Ich meine, gerade zu all dem, was Sie hier vorgetragen haben, ist eben argumentativ alles Entsprechende gesagt worden.

Die Fraktion der AfD hat für heute diese Aktuelle Stunde zu einem Projekt beantragt, bei dem es um die Bekämpfung von Antisemitismus geht.

Aber offenbar hat sie es nicht beantragt, weil ihr die Antisemitismusprävention am Herzen liegt, sondern weil sie ein vielversprechendes Projekt und seinen Träger zu demontieren versucht und die Landesregierung als Förderer an den Pranger stellen will.

Mein Haus fördert aktuell das Projekt „Vielfalt zum Anfassen: Schüler*innen gegen Antisemitismus“ der JuMu gGmbH, und dies aus gutem Grund.

Wir erinnern uns alle an die Aktuelle Stunde letzten Jahres hier im Landtag. Anlass waren die antijüdischen und antiisraelischen Umtriebe in Berlin. Die Entscheidung des US-Präsidenten, Jerusalem als israelische Hauptstadt anzuerkennen, war einigen Grund genug, israelische Flaggen zu verbrennen und antisemitische Parolen zu rufen.

Die Jüdische Gemeinde in Mülheim an der Ruhr sagte daraufhin wegen Sicherheitsbedenken eine öffentliche Feier zum Chanukka-Fest ab. Ich erinnere mich an die große Betroffenheit aller hier vertretenen Fraktionen und an die engagierte Debatte.

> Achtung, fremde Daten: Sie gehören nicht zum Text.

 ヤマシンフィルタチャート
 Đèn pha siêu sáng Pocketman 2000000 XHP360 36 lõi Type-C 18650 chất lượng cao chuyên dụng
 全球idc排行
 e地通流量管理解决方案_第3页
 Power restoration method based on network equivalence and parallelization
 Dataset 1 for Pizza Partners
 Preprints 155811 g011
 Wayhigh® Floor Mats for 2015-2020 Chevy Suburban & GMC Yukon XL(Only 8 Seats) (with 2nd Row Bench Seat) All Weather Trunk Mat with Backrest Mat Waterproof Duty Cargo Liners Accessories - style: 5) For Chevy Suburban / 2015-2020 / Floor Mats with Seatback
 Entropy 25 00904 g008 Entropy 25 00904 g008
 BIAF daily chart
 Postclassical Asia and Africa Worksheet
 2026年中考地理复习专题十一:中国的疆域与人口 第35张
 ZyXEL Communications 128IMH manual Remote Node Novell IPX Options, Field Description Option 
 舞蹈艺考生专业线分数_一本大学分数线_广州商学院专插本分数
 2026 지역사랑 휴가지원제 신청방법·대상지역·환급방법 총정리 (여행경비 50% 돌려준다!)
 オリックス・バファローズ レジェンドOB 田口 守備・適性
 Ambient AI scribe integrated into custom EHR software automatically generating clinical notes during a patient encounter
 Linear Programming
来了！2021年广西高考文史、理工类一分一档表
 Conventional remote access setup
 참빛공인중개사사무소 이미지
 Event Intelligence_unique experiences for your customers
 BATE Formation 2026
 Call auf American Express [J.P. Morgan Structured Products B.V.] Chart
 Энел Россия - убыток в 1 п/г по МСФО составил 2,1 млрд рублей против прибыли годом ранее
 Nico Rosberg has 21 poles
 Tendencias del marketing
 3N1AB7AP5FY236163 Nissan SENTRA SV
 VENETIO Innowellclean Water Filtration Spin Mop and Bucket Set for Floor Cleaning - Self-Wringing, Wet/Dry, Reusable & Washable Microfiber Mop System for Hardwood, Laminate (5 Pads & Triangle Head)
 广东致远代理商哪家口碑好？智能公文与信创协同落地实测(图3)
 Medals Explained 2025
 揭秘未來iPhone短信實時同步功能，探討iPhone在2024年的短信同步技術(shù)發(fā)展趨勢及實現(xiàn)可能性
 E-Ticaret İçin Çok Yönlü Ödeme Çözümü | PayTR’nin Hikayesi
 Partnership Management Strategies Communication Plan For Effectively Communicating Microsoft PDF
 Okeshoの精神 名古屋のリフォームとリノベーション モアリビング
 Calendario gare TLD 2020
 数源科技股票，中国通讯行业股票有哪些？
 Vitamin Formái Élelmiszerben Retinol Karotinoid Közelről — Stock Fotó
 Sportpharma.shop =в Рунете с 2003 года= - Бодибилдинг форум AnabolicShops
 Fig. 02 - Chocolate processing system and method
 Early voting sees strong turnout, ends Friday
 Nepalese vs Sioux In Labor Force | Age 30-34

Der Landtag wollte in der damaligen Aktuellen Stunde im Dezember ein Zeichen gegen Antisemitismus setzen. Kleine Anfragen aus den Fraktionen zu den Aktivitäten der Landesregierung gegen Antisemitismus folgten.

Ich kann dazu noch einmal sagen: Meine Damen und Herren, wir sind hier sehr aktiv. Ein Beispiel dafür ist

das Projekt „Vielfalt zum Anfassen: Schüler*innen gegen Antisemitismus“.

Warum wir die JuMu gGmbH bei der Umsetzung ihrer Ideen und ihres Engagements unterstützen, will ich gern noch einmal genauer erläutern. Erst einmal grundsätzlich:

Ihre Aussage, die Bundesregierung reduziere Fördergelder für den Zentralrat der Muslime in Deutschland zu 90 % wegen seiner Nähe zur Türkei, ist nicht zutreffend. Unter anderem wurden im Zuge der Flüchtlingssituation 2015 für die Förderung Sondermittel des Bundes bereitgestellt, die nun nicht mehr zur Verfügung stehen.

Auch das Land Nordrhein-Westfalen arbeitet seit Jahren mit dem ZMD zusammen, zum Beispiel im Qualifizierungsprojekt muslimische und alevitische Wohlfahrtspflege oder auch im Beirat für den islamischen Religionsunterricht.

Ganz abgesehen davon ist die JuMu aber auch eine eigenständige Organisation. Sie ist zwar auf Initiative des Zentralrats der Muslime in Deutschland ins Leben gerufen worden, ist aber keine Organisation des ZMD.

(Beifall von der FDP)

Sie ist ein Zusammenschluss muslimischer und jüdischer Partner – und das ist etwas, worüber wir uns ausdrücklich freuen. Diese Partner leisten nicht nur hervorragende Arbeit, sondern senden durch den interreligiösen Ansatz auch wichtige Signale in die Gesellschaft.

Allein die Vorstellung, dass mein Haus wissentlich Antisemiten die Antisemitismusprävention machen ließe, ist völlig abwegig.

Bei JuMu ist davon auszugehen, dass die beteiligten jüdischen Gemeinden daran kein Interesse haben können und diesen Zusammenschluss sofort verließen, sobald Antisemiten dort aktiv würden. Es gibt dafür bisher auch keinerlei Anhaltspunkte; schließlich ist JuMu schon in anderen Bundesländern aktiv.